++++ DATASET RECORDS

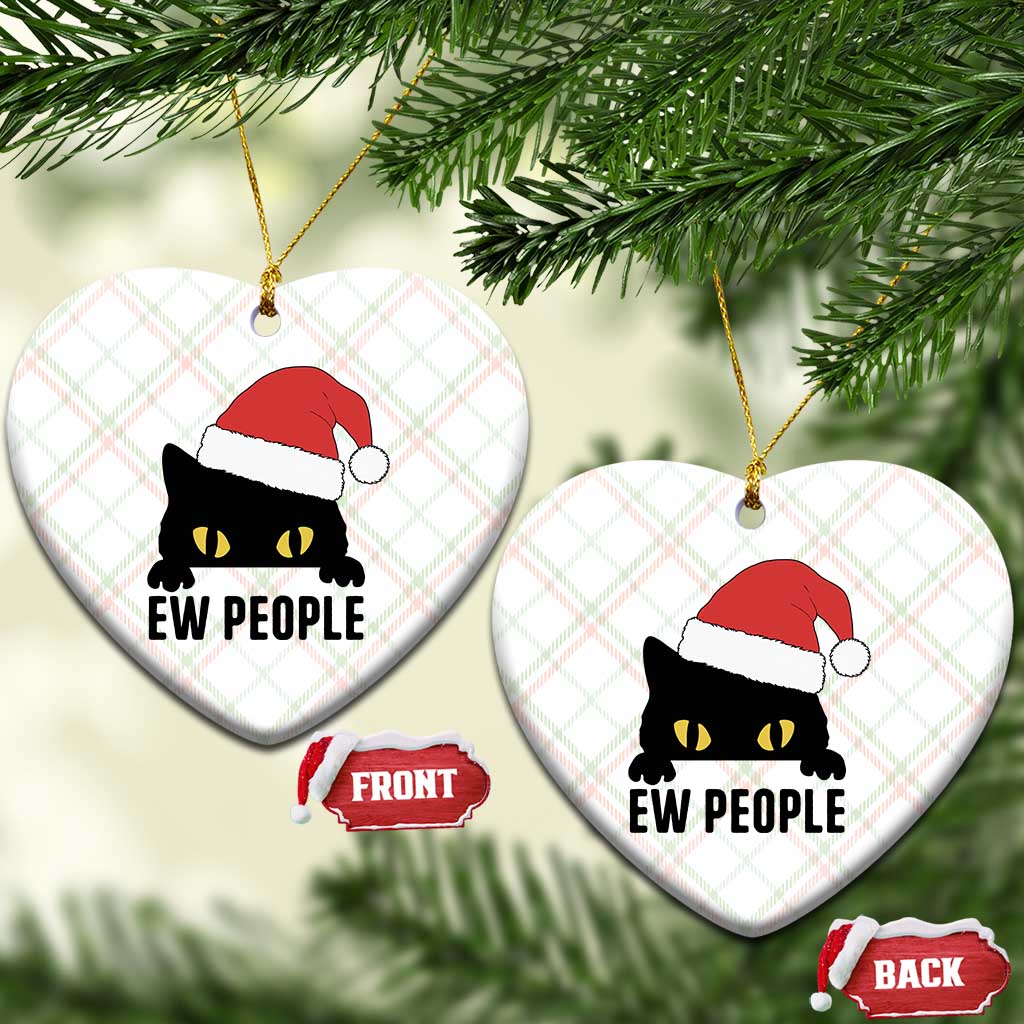 Funny Cat Christmas Ceramic Ornament Ew People Anti Social Grumpy Cat Xmas - Wonder Print Shop
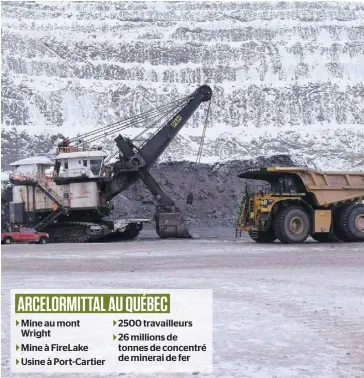  ?? PHOTO D’ARCHIVES, MAGALIE LAPOINTE ?? La mine d’ArcelorMit­tal du mont Wright est située tout près de Fermont au Québec.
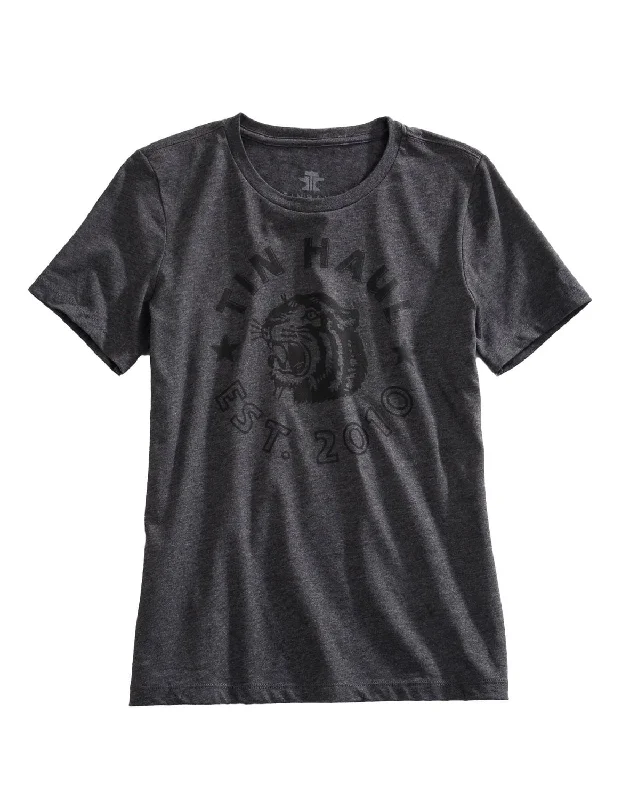 Tin Haul Womens Tiger Head Grey Cotton Blend S/S T-Shirt Collared T-Shirt Boat Neck A-Line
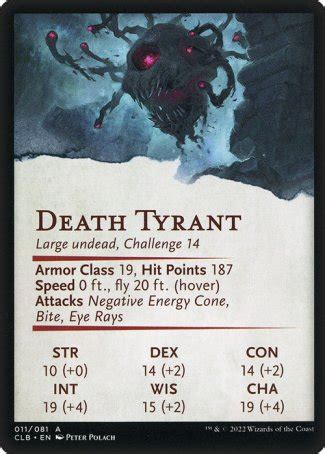 Ghastly Death Tyrant - Art/Death Tyrant - Stats - mtgpics.com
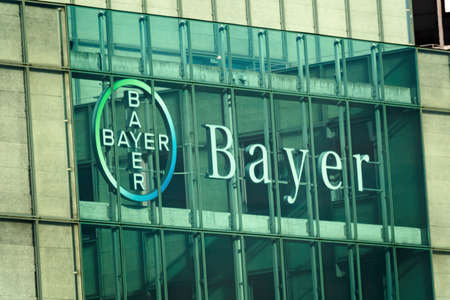 BASEL, SWITZERLAND - MARCH 15, 2020: Bayer AG is a German multinational pharmaceutical and life sciences company and one of the largest pharmaceutical companies in the world.のeditorial素材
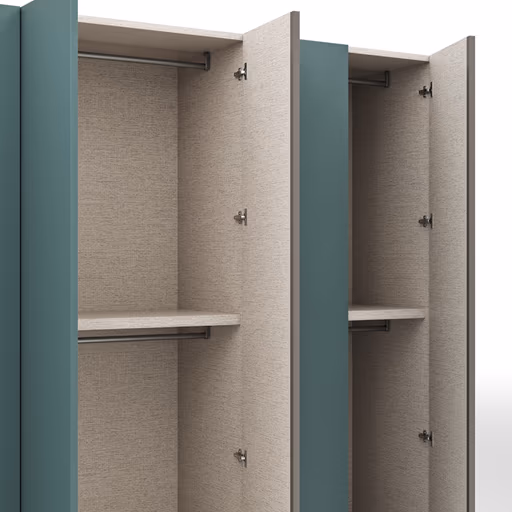 Drehtürenschrank Loretto - B ca. 280 cm, Lack matt, Salbeigrün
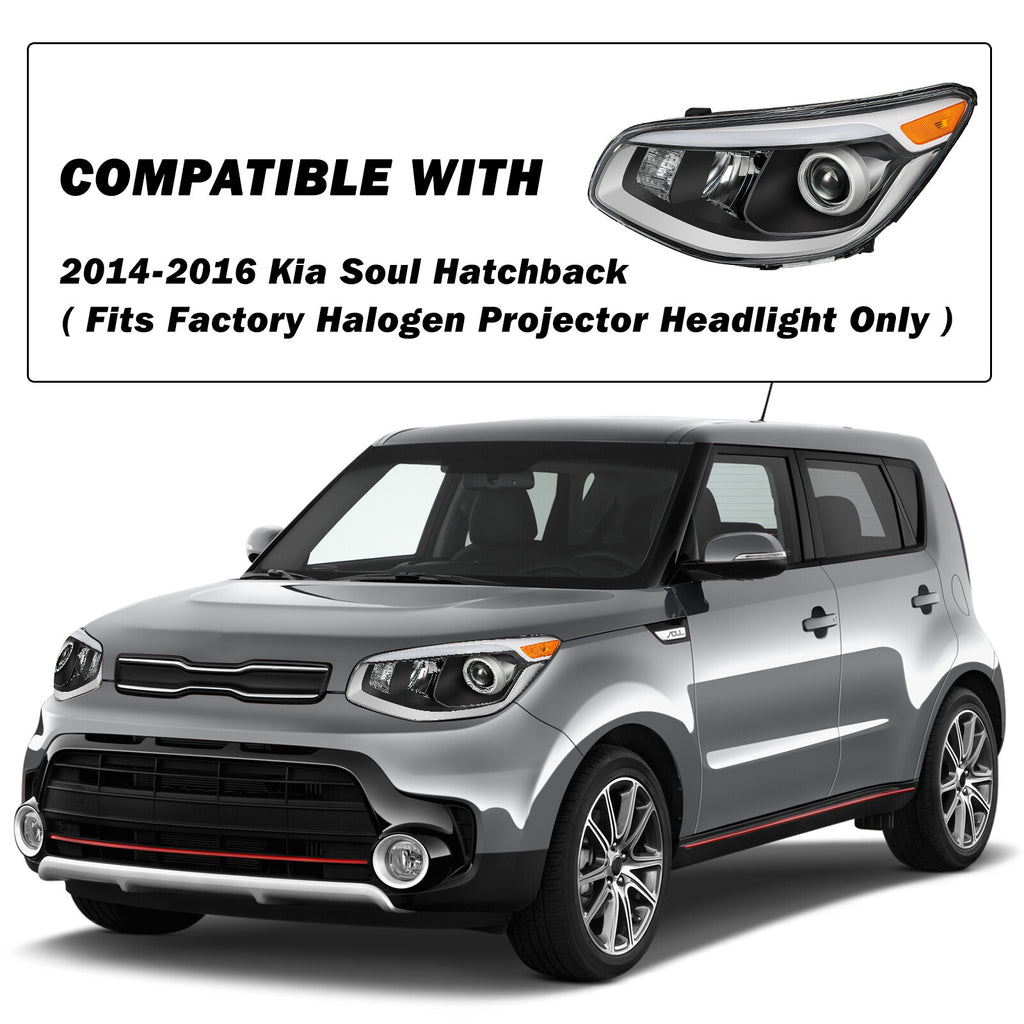 For 2014 2015 2016 Kia Soul Black Projector Halogen Headlight 14-16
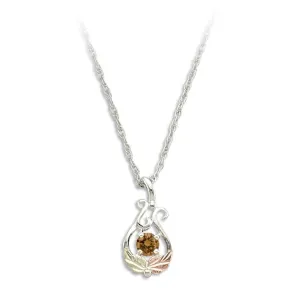 Round Smokey Quartz - Sterling Silver Black Hills Gold Pendant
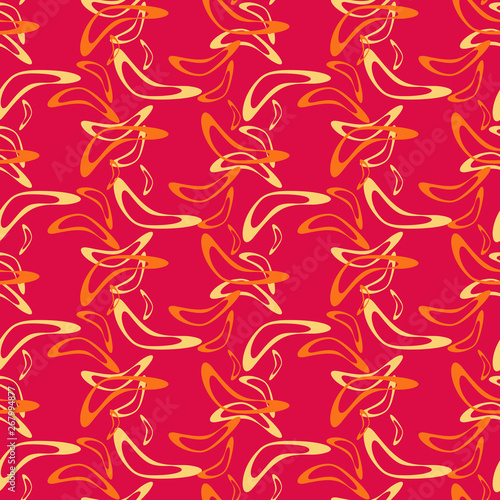 Simple seamless pattern with hand drawn flying boomerangs. Soft design in pale shades for textile  wrapping paper  prints  fabric  wallpaper  web etc.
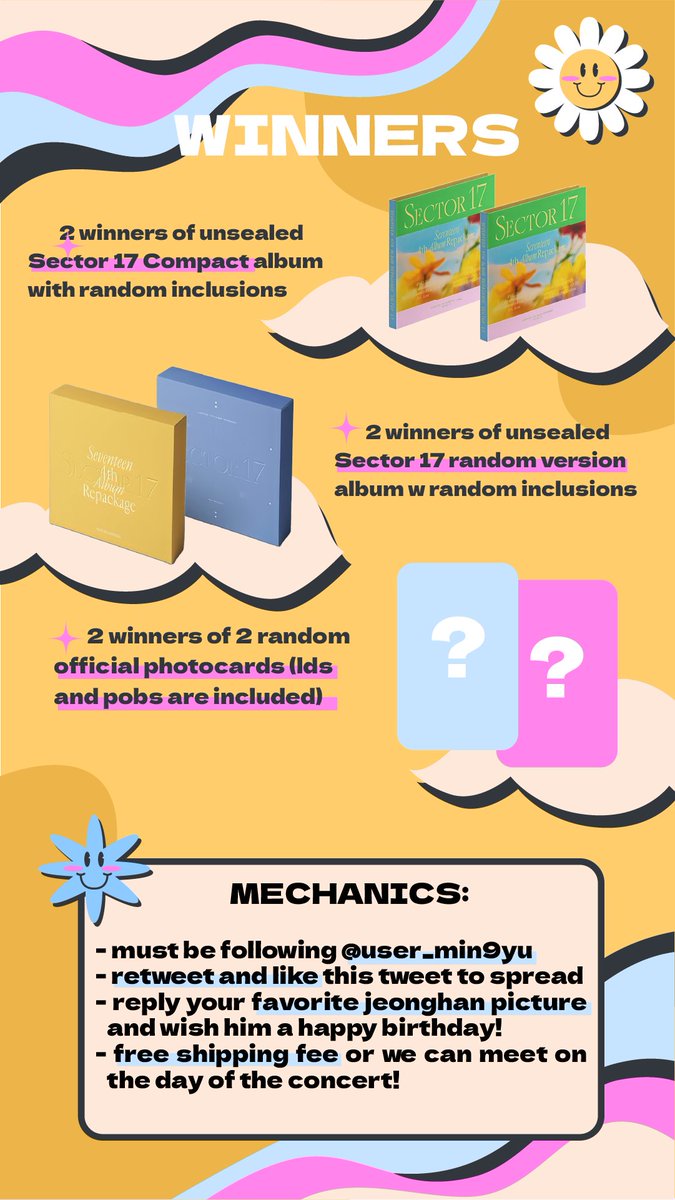 user_min9yu's tweet photo. ✨️JEONGHAN BIRTHDAY GIVEAWAY✨️

- mbf
- rt &amp; like
- reply ur fave jeonghan pic and wish him a happy birthday!
- free sf or meet up on concert day
- winner will be picked on 10/04/22 via wheel of names ^^

might still add more if ever!! https://t.co/0AjObHZJ89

++++++++

* _WHAT NEEDS TO BE DONE_
In the data above, take the line with "Tin Haul Womens", the line with "BASEL, SWITZERLAND - MARCH", and every line between, and set them down exactly without pictures.

* _WRITTEN REPLY_
 Tin Haul Womens Tiger Head Grey Cotton Blend S/S T-Shirt Collared T-Shirt Boat Neck A-Line
 Ghastly Death Tyrant - Art/Death Tyrant - Stats - mtgpics.com
 BASEL, SWITZERLAND - MARCH 15, 2020: Bayer AG is a German multinational pharmaceutical and life sciences company and one of the largest pharmaceutical companies in the world.のeditorial素材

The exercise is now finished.